As I was finishing up this post, I got my first Man Reminder. Here it is (I was disappointed that the “hot guy” doesn’t actually speak to me):
An interlude: This cleaning out sources is a lot of fun…and a lot of time. It’s a great exercise for getting inspired, being curious and thinking critically. I think it would be cool to do something like this on a weekly basis.
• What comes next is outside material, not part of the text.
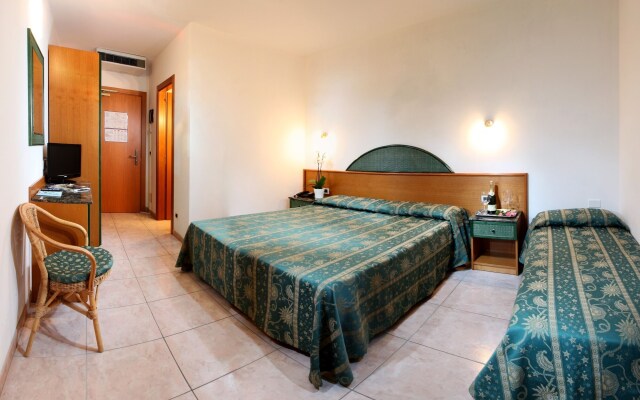 Hotel Mediterraneo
6. Uses of Blogs TOC This book looks like it’s worth taking a look at…maybe reading ch 1 which is online. However, the book was published in 2006. How dated are these articles? What relevance do they have for contemporary social media/blogging issues? Doing research on social media is a tricky thing, especially when it’s constantly changing. What are the best ways to write about online technologies for a scholarly audience? I know there some great resources for thinking through this question, but that’s another blog post…
7. How Blogging Helps Students Crush the Digital Divide My ability to be curious is failing me right now, so this will have to be the last source I archive right now. Posted on July 21, 2011 on GOOD, it is about an elementary teacher who used blog writing to train a class who had previously had limited access to tech training and writing in English (over 60% were ESL students). A key claim in the article: giving students blog assignments encourages them to be creative and better writers + it provides them with digital literacy skills. While I really appreciate the focus here (and the claim), I wonder: Does this really crush the digital divide?